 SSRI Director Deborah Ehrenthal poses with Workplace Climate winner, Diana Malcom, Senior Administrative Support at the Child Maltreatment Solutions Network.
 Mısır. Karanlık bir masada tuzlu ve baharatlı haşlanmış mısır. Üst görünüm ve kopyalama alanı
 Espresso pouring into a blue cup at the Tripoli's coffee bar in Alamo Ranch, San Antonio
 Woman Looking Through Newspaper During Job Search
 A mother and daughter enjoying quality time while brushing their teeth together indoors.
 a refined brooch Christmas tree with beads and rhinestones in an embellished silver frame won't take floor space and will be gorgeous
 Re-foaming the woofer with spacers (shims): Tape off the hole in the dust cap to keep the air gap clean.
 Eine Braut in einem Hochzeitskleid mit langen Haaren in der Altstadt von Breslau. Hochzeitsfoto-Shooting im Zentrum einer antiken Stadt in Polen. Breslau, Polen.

★ ★ ★ ★ ★

## Try it
Where does the string "with" occur in the listing above? Return every line that contains it.

## Result
 SSRI Director Deborah Ehrenthal poses with Workplace Climate winner, Diana Malcom, Senior Administrative Support at the Child Maltreatment Solutions Network.
 a refined brooch Christmas tree with beads and rhinestones in an embellished silver frame won't take floor space and will be gorgeous
 Re-foaming the woofer with spacers (shims): Tape off the hole in the dust cap to keep the air gap clean.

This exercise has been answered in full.